# 50’s Schwinn Pixie 20”



## rollfaster (Mar 24, 2019)

Never seen this model as a lightweight, and it’s a 20”. Neat little bike that was given to me today by a friend. Not sure of the year, guessing 52 or 57. One of those B serial numbers. Seat, stem and bars are not original. @Eric Amlie @Schwinn499


----------



## rollfaster (Mar 26, 2019)

Well, ruled out 57. Doesn’t appear that the Pixie was offered as a lightweight that year. Gonna say 52.


----------



## PCHiggin (Mar 26, 2019)

Cool little bike,Heres an ad from '53.........http://www.trfindley.com/flschwinn_1951_1960/1953_10.jpg


----------



## rollfaster (Mar 26, 2019)

PCHiggin said:


> Cool little bike,Heres an ad from '53.........http://www.trfindley.com/flschwinn_1951_1960/1953_10.jpg



Thanks for sending me the link, haven’t found much info on these.
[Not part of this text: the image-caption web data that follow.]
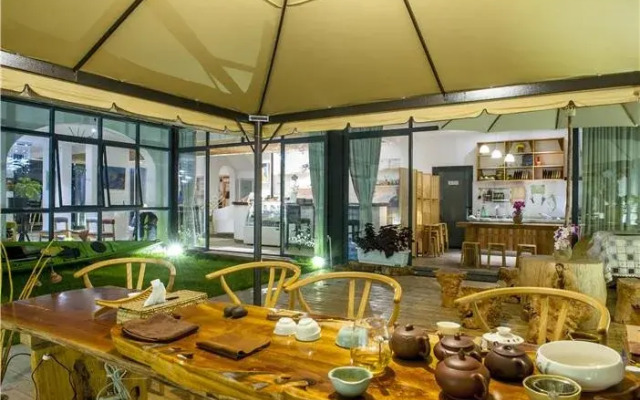 YiHai ZhuYuan Boutique Inn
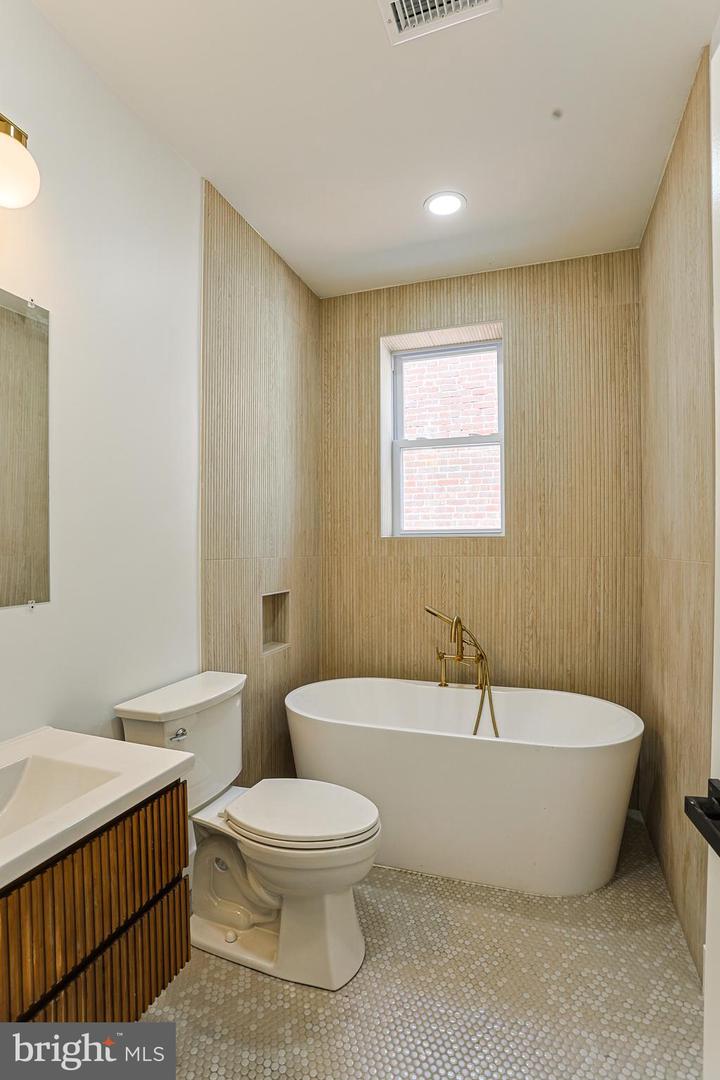 7415 Sprague St Property Photo 24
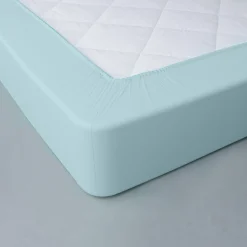 Hoeslaken<Colombine Effen hoeslaken in polyester-katoen, hoekdiepte 32 cm celadon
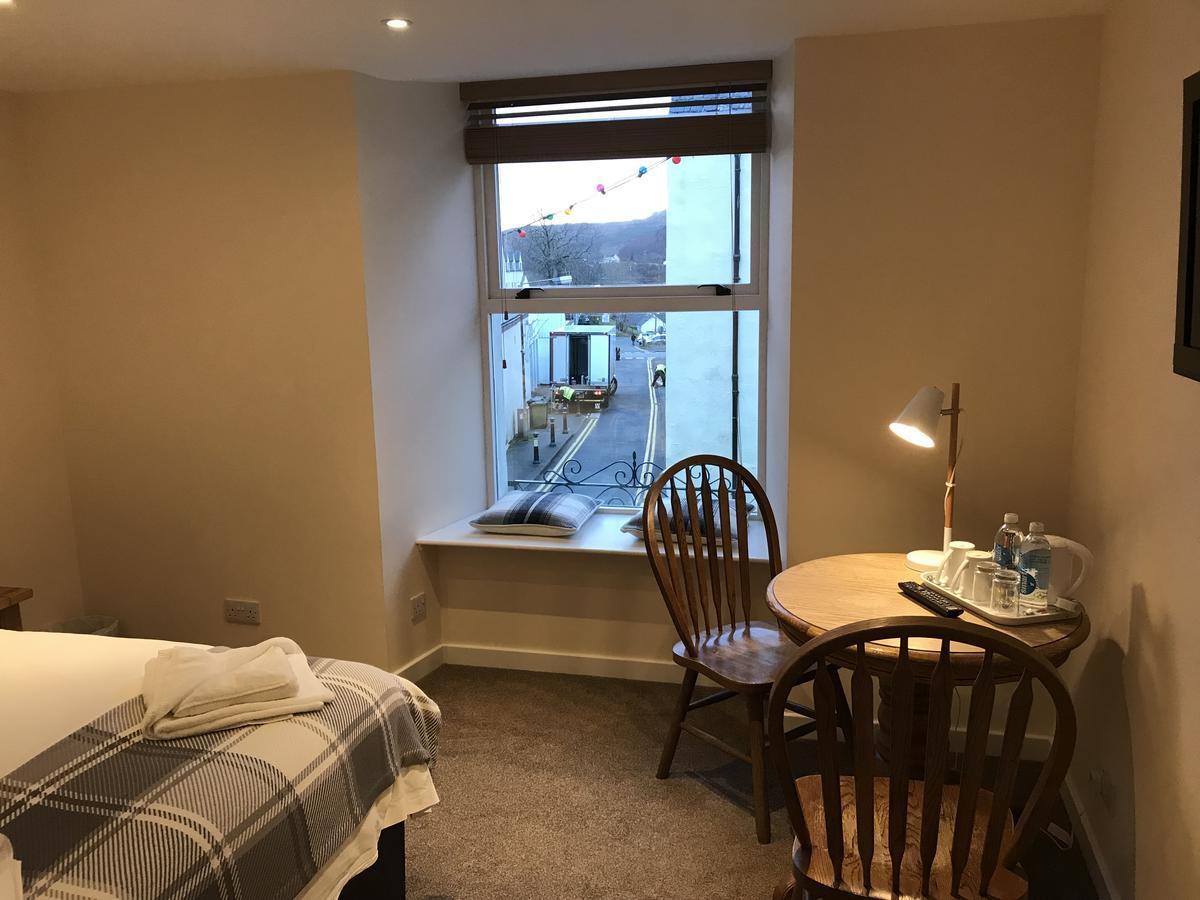 Caledonian Hotel Портри Екстериор снимка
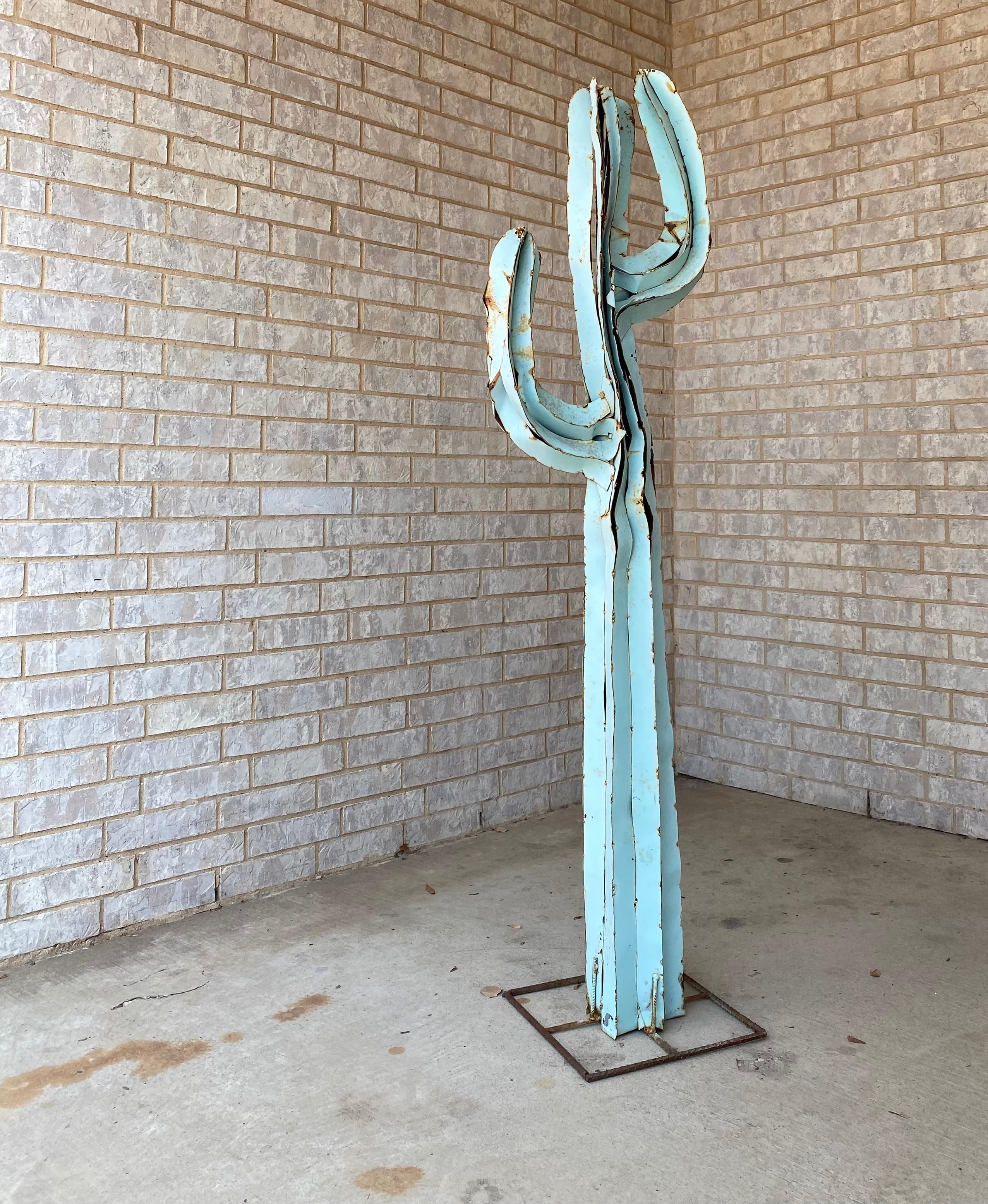 Escultura folclórica de cactus de metal soldado por puntos envejecido en azul/verde pálido Soldado en venta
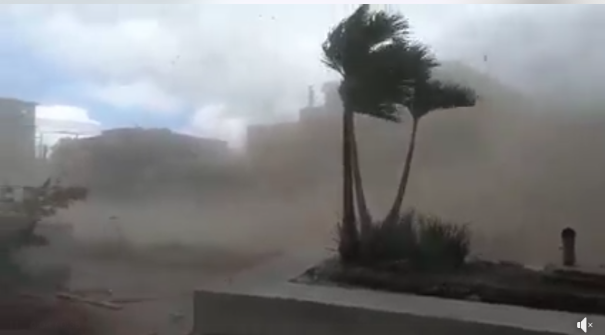 VIDEO. Fuertes vientos azotaron el parque de Villa Nueva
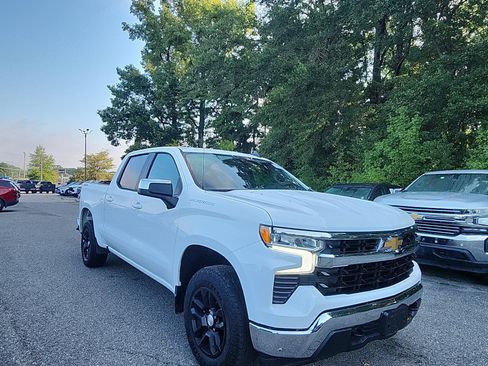 Used 2024 Chevrolet Silverado 1500 LT AWD/4WD image 7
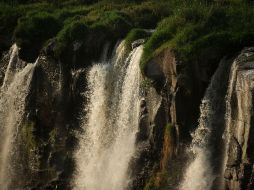 El cauce sigue conteniendo residuos industriales y vapores tóxicos. ARCHIVO  /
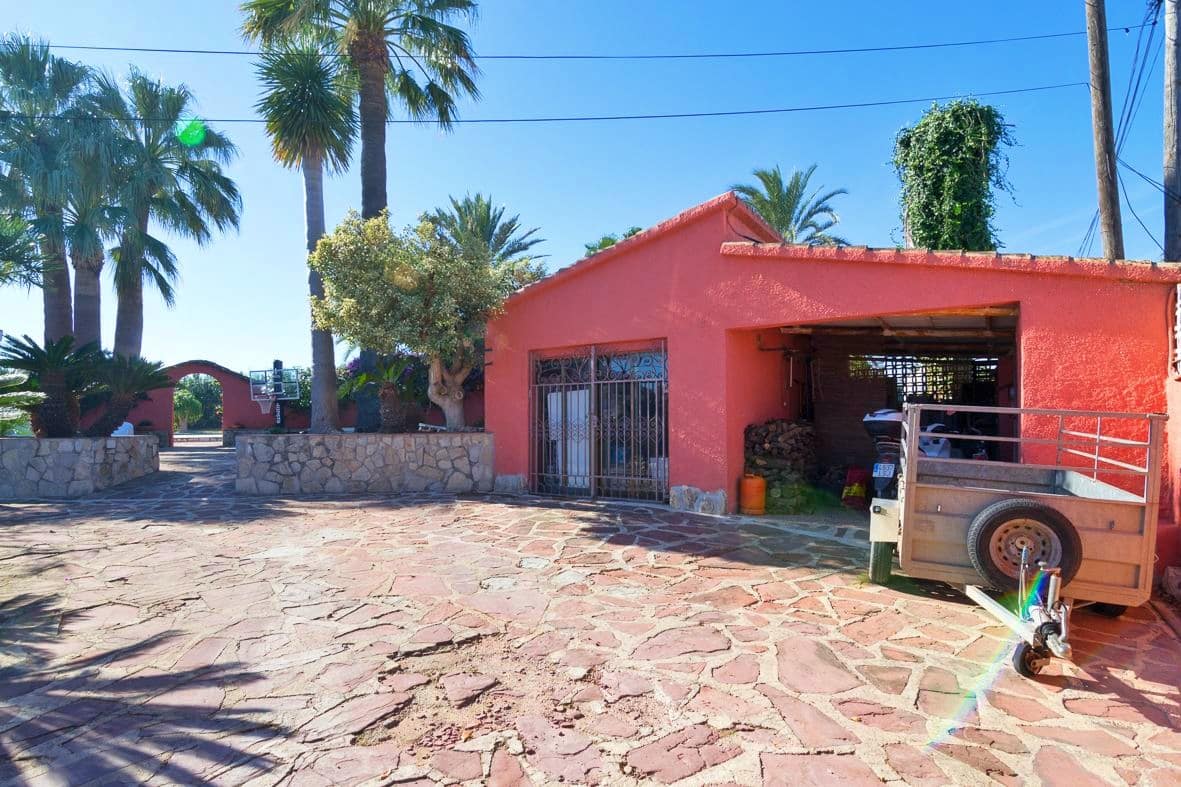 4 soveværelse Villa til salg i Denia med swimmingpool - € 895.000 (Ref: 9035019)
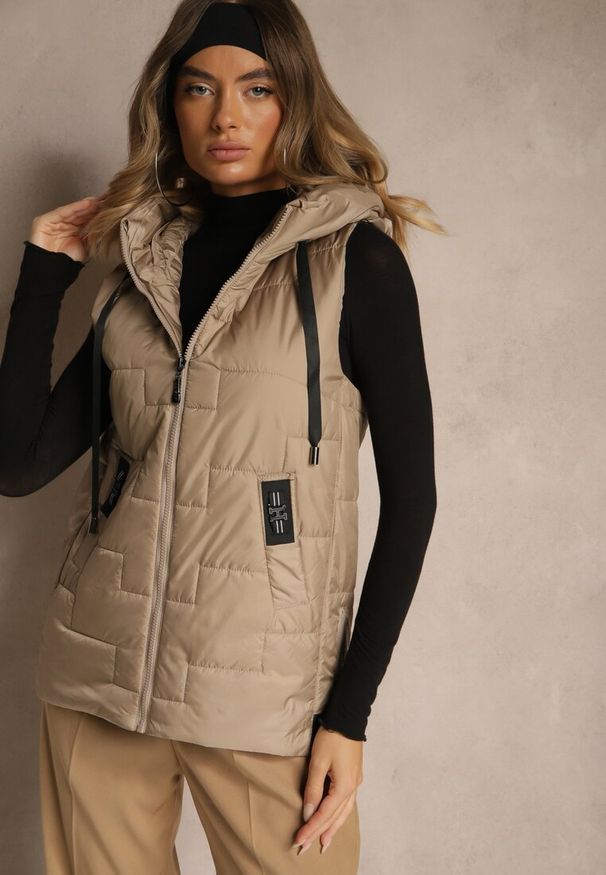Renee - Jasnobrązowa Pikowana Kamizelka z Kapturem w Klasycznym Stylu Tulorina. Okazja: na co dzień. Typ kołnierza: kaptur. Kolor: brązowy. Materiał: jeans. Styl: klasyczny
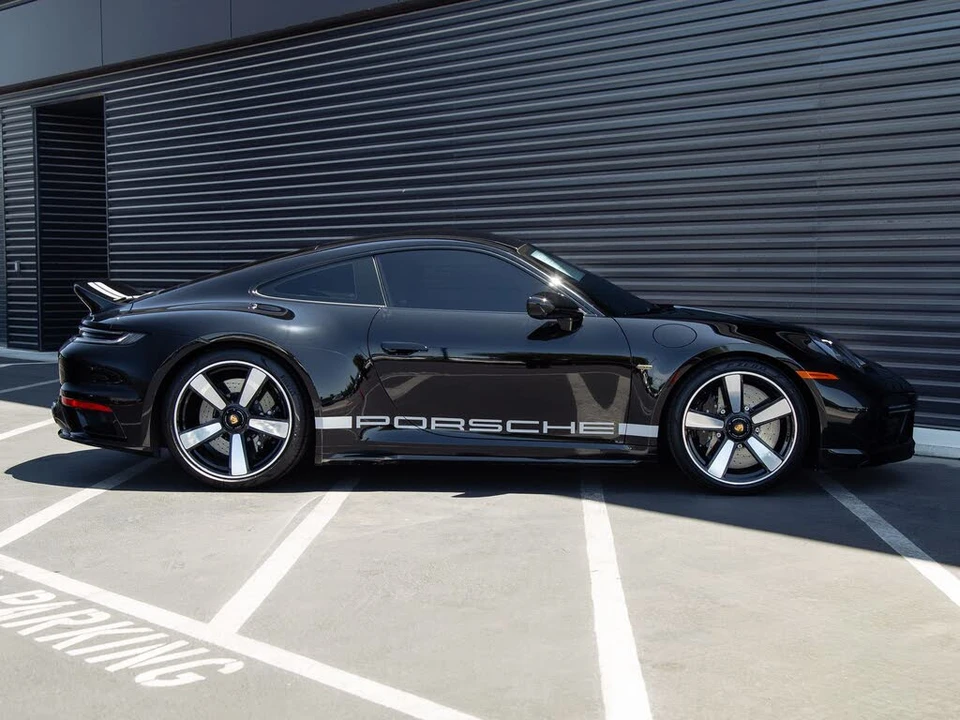 2023 Porsche 992 Sport Classic - Image 8 of 27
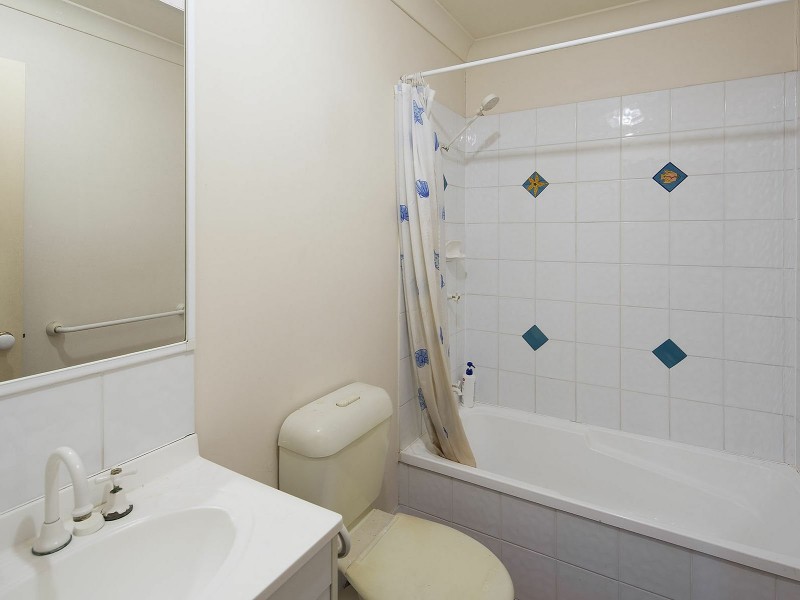 3/10 Redarc Street, Fairfield QLD 4103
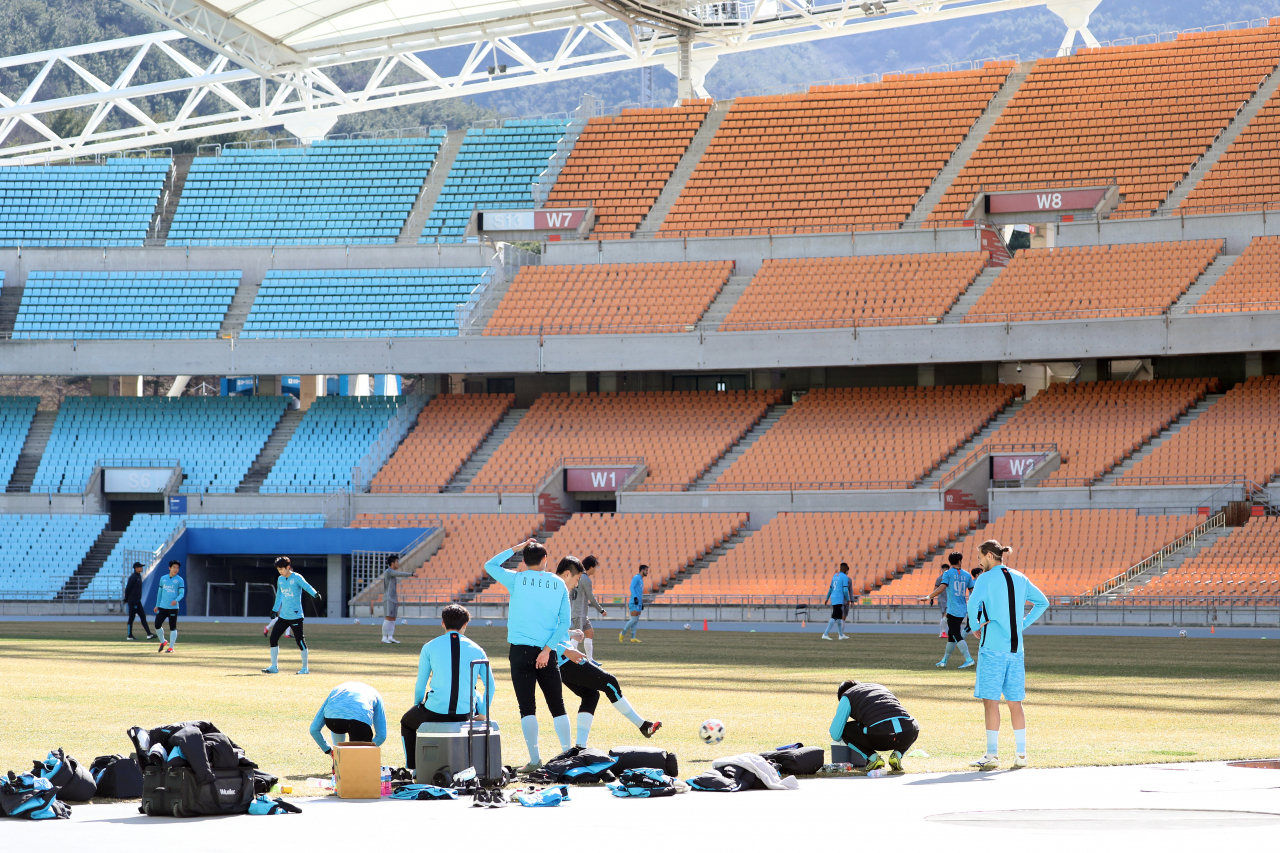 신종 코로나바이러스 감염증(코로나19) 확산으로 프로축구 K리그 개막이 지난달 29일에서 무기한 연기된 가운데 지난 11일 대구시 수성구 노변동 대구스타디움에서 대구FC 선수들이 훈련하고 있다. [연합]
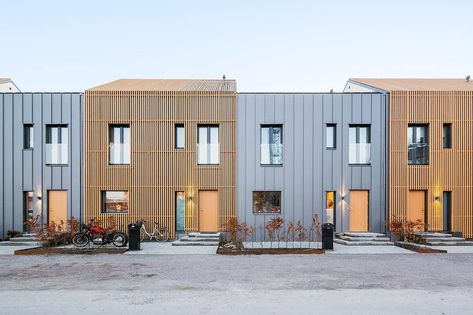 Green Row, Prefab Buildings, Sweden House, Modern Prefab Homes, Row Houses, Solar Power House, Metal Siding, Photovoltaic Panels, Solar House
Wish I could find the correct bars, stem and seat.


----------



## detroitbike (Mar 26, 2019)

I've never seen a blue one, just Red.  

   This is mine.
    I'm pretty sure Everything is correct. I can get  better pix of the seat if you need.


----------



## GTs58 (Mar 26, 2019)

Neat little lightweight, but it ain't no 1957 model.


----------



## rollfaster (Mar 27, 2019)

That’s what I found, looking like 53.


----------



## rollfaster (Mar 27, 2019)

detroitbike said:


> I've never seen a blue one, just Red.
> 
> This is mine.
> I'm pretty sure Everything is correct. I can get  better pix of the seat if you need.
> ...



That’s the best original example I’ve seen so far, painted fenders too. I’ll bet these parts are super hard to find. Thanks for sharing!!


----------